His mother, however, was quite reticent about her sister, he recalls. “Occasionally, she would mention how some of Amrita’s works were languishing in neglect in government museums, but stopped short of saying anything more about her.” Besides, Sundaram was perhaps too young then to realise the enormity of his aunt’s contribution to Indian art.
It was only after graduating from Doon School and joining the art college in Baroda that Sundaram managed to place her in context for the first time. However, another hiatus soon followed as he moved to the UK on a fellowship and enrolled at the Slade School of Fine Art, London, for a higher degree. “Again, there were so many new things to discover there that I completely forgot about her for a while,” he laughs.
It was when he returned to India in the early 1970s and took up art as a full-time vocation that Sundaram’s association with Sher-Gil began on a more permanent footing. “I started by organising a retrospective of her works in Bombay,” he says. And that was also when her work began to have a direct influence on Sundaram’s own creative output, which he says continued for many more years to come.
“Finally, in the early 1990s, I decided to get working on a project that would aim at detailing Amrita’s life and works in detail, and strike a new relation between her and her viewers through its text.” Now, some 20 years later, the project, brought to life by publishers Tulika Books, has just come full circle.

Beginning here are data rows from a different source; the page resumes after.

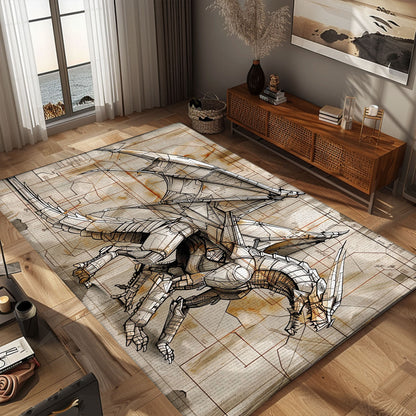 Modern Dragon Carpet for Game Rooms - Dynamic and Engaging Carpet with Bold Dragon Art for Gamers, Gift For Dragon Lovers, Personalized Dragon Rug for Living Room, Bedroom DG53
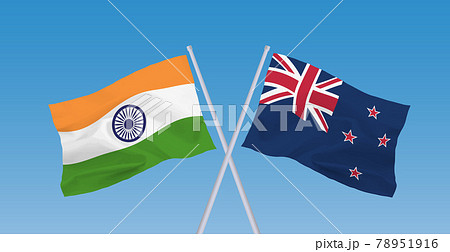 インドとニュージーランドの国旗 78951916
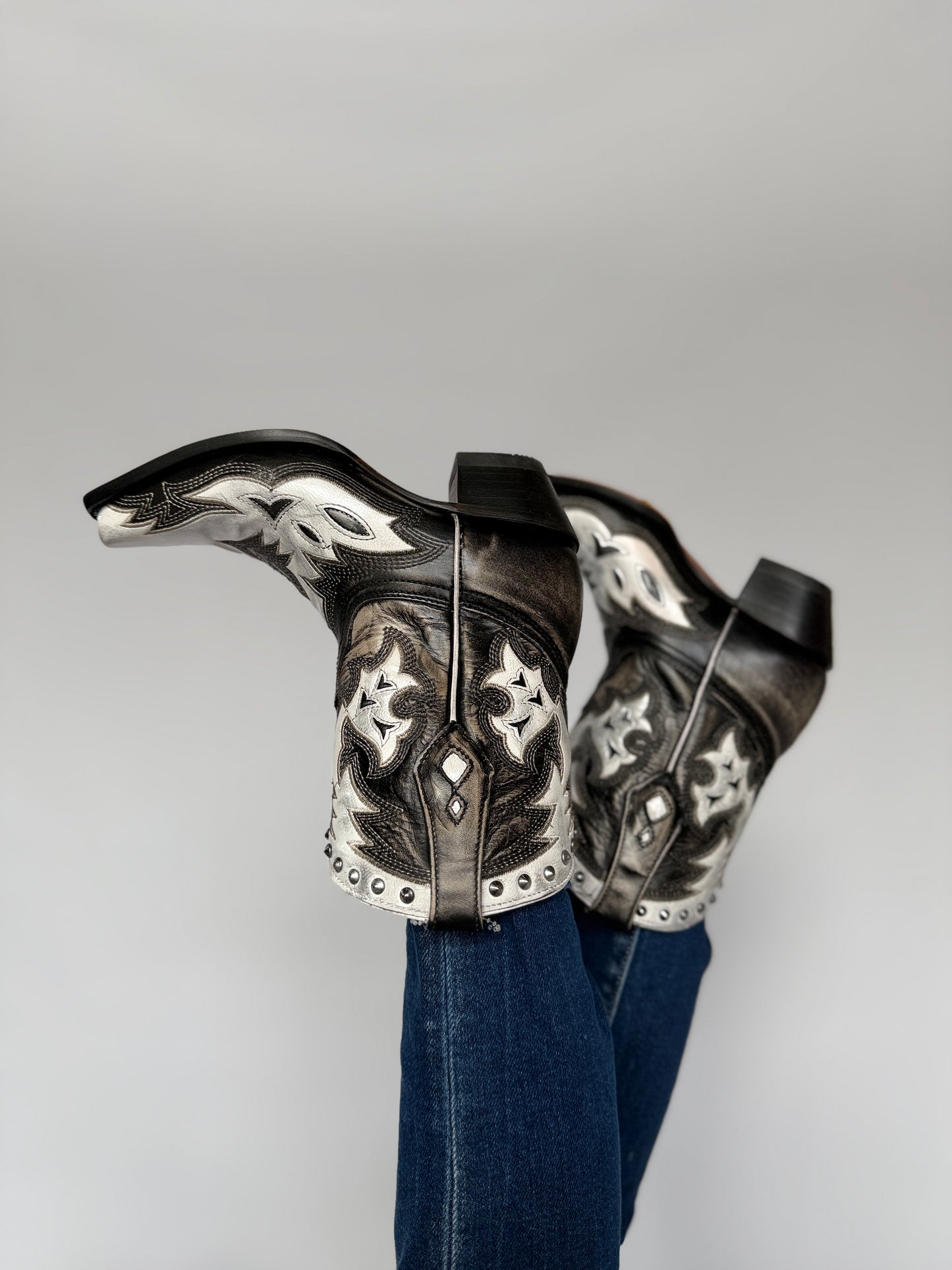 Embroidered Studded Ankle Boot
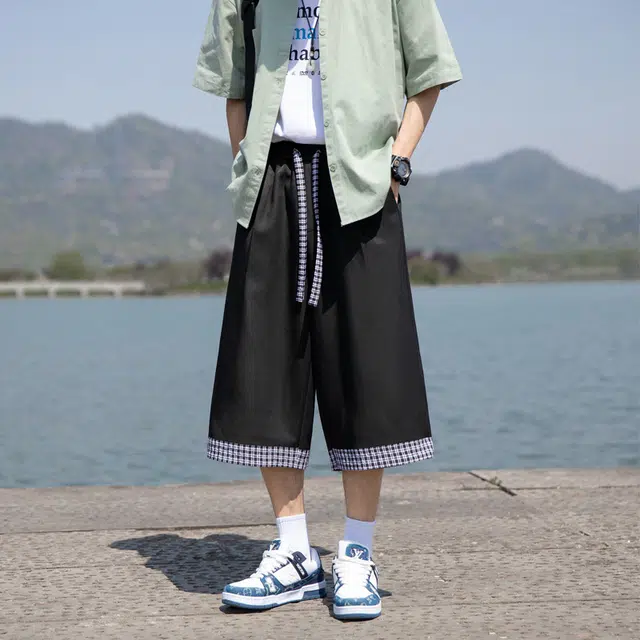 棉基因 日系户外夏季复古拼接格子设计简约基础款宽松直筒百搭工装透气凉感抽绳松紧七分休闲短裤 男女同款
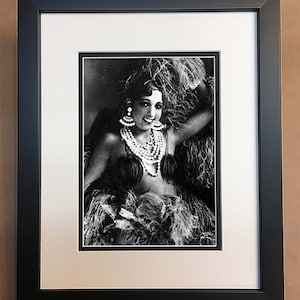 Josephine Baker Black and White Photo Professionally Framed, Matted 8x10.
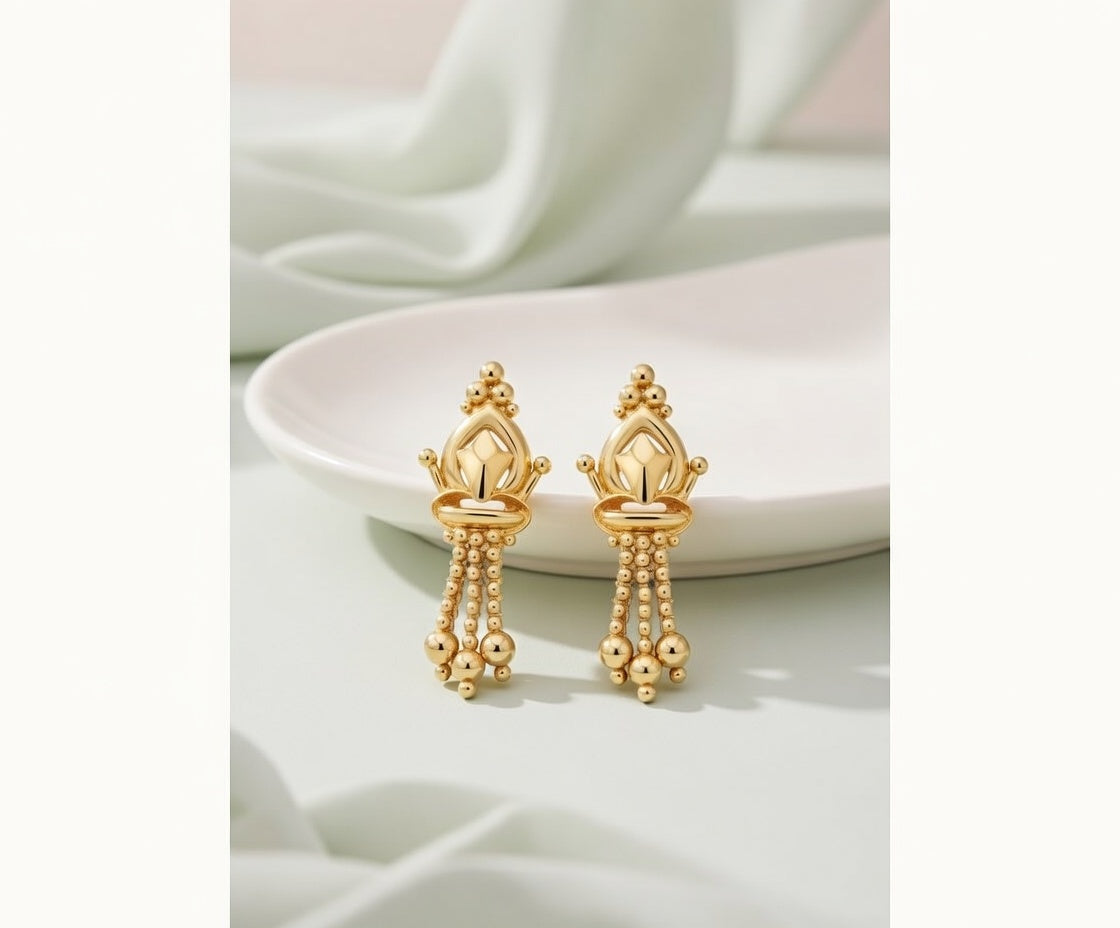 Flambeur B.I.S 18 Kt Hallmark Plain Tops Earring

But in a world where concepts are being revolutionised and paradigms shifted quicker than the turning of clock hands, how formidable, really, is Sher-Gil’s legacy? “Looking back, there was a time when an entire generation of artists worked in her direction,” explains Sundaram. He points to the colour scheme of a painting that adorns the cover of one of the volumes and says, “Raza, for example, took this palette for his work. And then, in the 1970s, Amrita had a direct influence on a large number of women artists. So yes, much of her strategies have been worked out by people in the past.”

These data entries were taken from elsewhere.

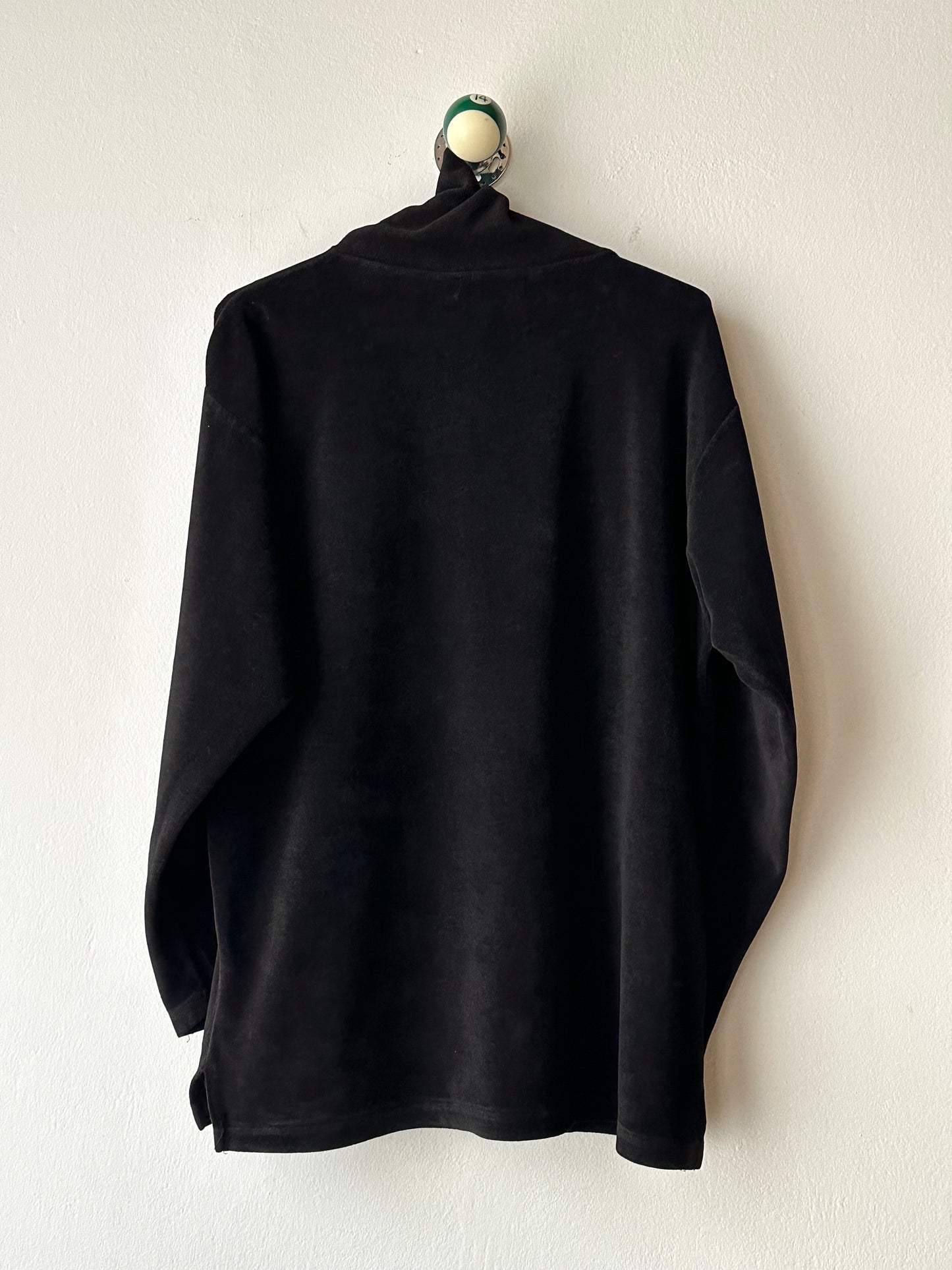 1990s black faux velour top - L~XL
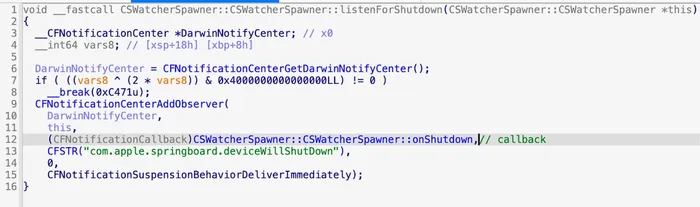 Code to register listener for shutdown signal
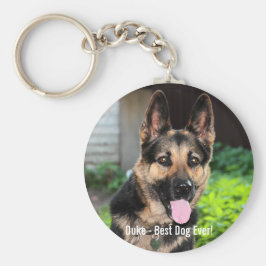 Chaveiro Foto personalizada do cão German shepherd, Nome do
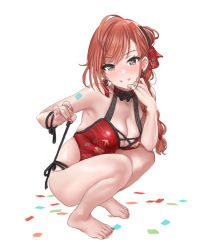 Rule 34 | 1girl, arisugawa natsuha, bare legs, bare shoulders, barefoot, black bow, blush, bow, braid, braided ponytail, breasts, cleavage, collarbone, confetti, cowlick, cross-laced clothes, cross-laced one-piece swimsuit, earrings, floral print, grey eyes, hair bun, hair over shoulder, halterneck, hamedoragon, head rest, idolmaster, idolmaster shiny colors, jewelry, looking at viewer, medium breasts, nail polish, one-piece swimsuit, orange hair, ponytail, red one-piece swimsuit, side-tie swimsuit, simple background, single hair bun, smile, solo, squatting, string pull, swimsuit, toenail polish, toenails, toes, white background, wristband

But does that hold even today, I ask. Sundaram heaves a little sigh. “You see, the agendas in the art world have changed in recent times,” he says. “A lot of people today believe that the world began only when they started making art. It’s sad when people negate history and live in denial simply because they want to push their own art in some kind of a capsule.” And that’s not mentioning how the lure of big money has subverted a lot of ideas in artistic spheres.

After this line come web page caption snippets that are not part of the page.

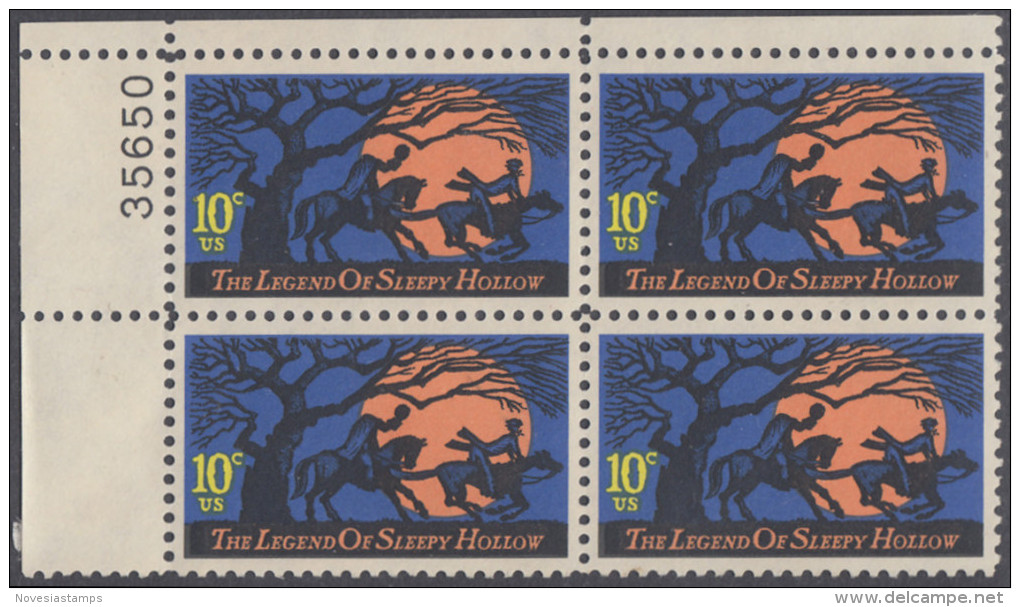 !a! USA Sc# 1548 MNH PLATEBLOCK (UL/35650) (Gum Slightly Damaged) - Legend Of Sleepy Hollow - Neufs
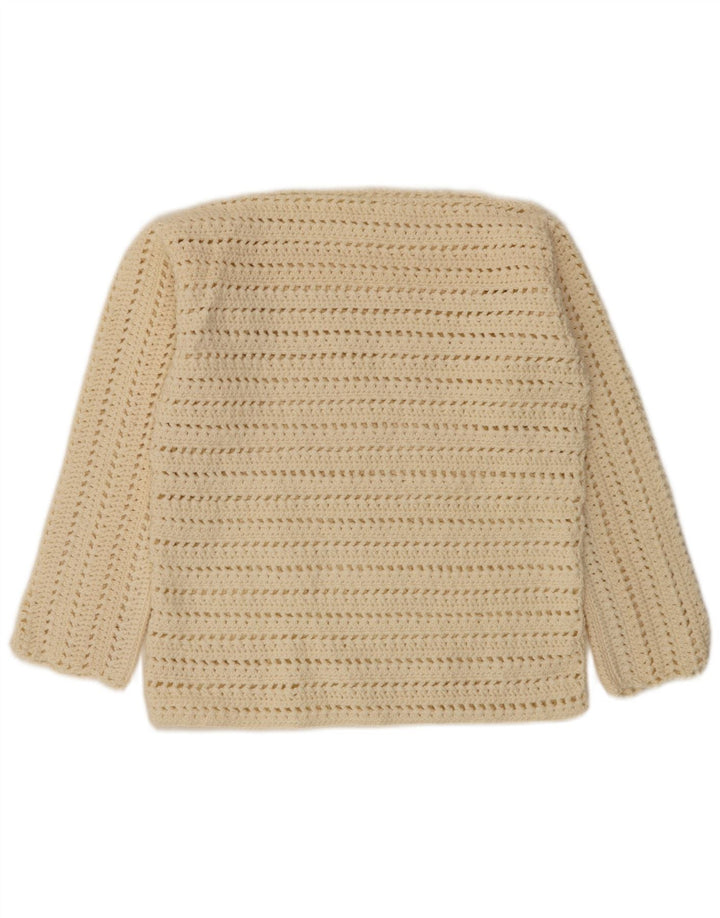 Vintage Womens Boat Neck Jumper Sweater UK 14 Medium Off White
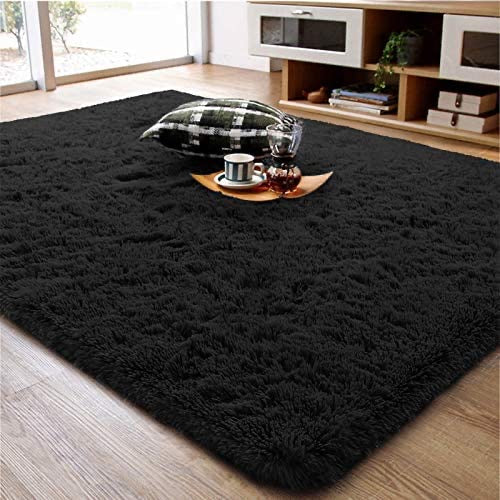 Fluffy Rug, Super Soft Fuzzy Area Rugs for Bedroom Living Room - 4' x 6' Large Plush Furry Shag Rug - Kids Playroom Nursery Classroom Dining Room Decor Floor Carpet, Cream White
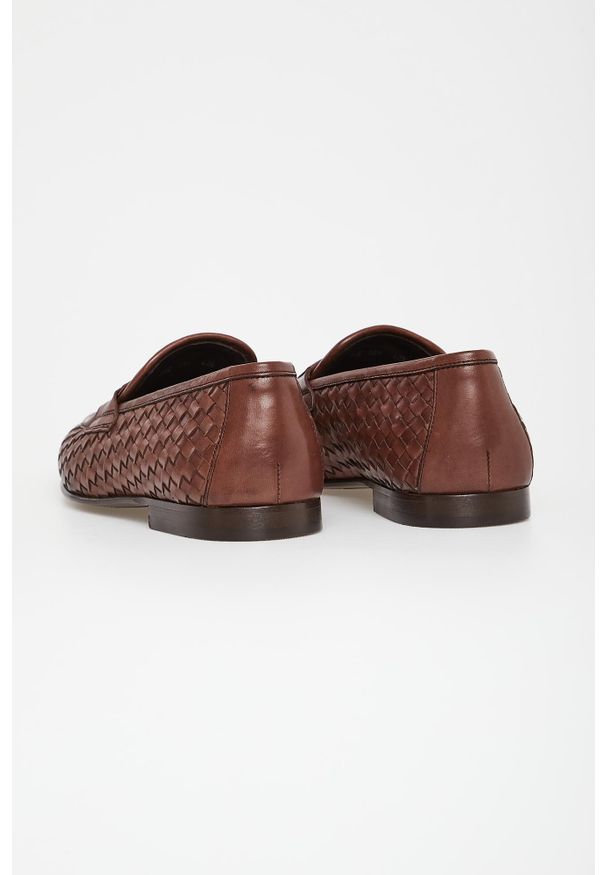 Baldinini - Loafersy męskie plecione skórzane BALDININI. Materiał: skóra
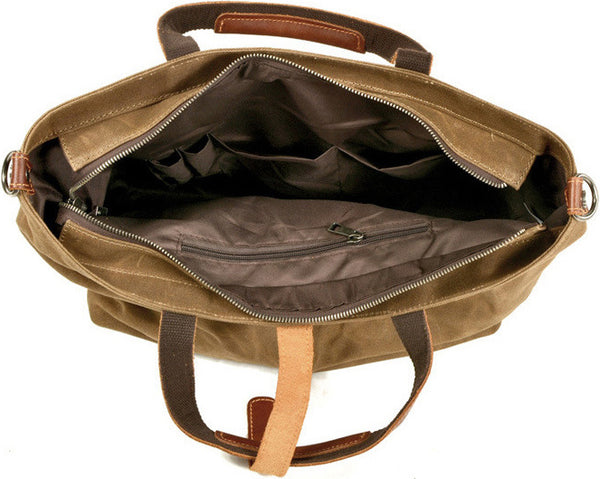 DEEPKEE original nubuck handmade full-grain genuine leather cowhide bag Deepkee Handmade Oil waxed canvas&leather simple tote bag #9706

“So in a way, there isn’t much connection with history these days,” says Sundaram. It’s something he has learnt through his own long career in the arts. From redefining the use of media to planting the seeds of radical socio-political thoughts in his works, to hogging the limelight in top-notch galleries around the world, Sundaram has done it all. However, history has taught him to hang on to his humility even at the peak of his success. His dedication to documenting his family's legacy is perhaps one way of the artist paying his dues.
“But maybe things will change in the future,” says Sundaram. The optimism in the statement rings out loud and clear. And I can’t agree more. Someday, sooner than later.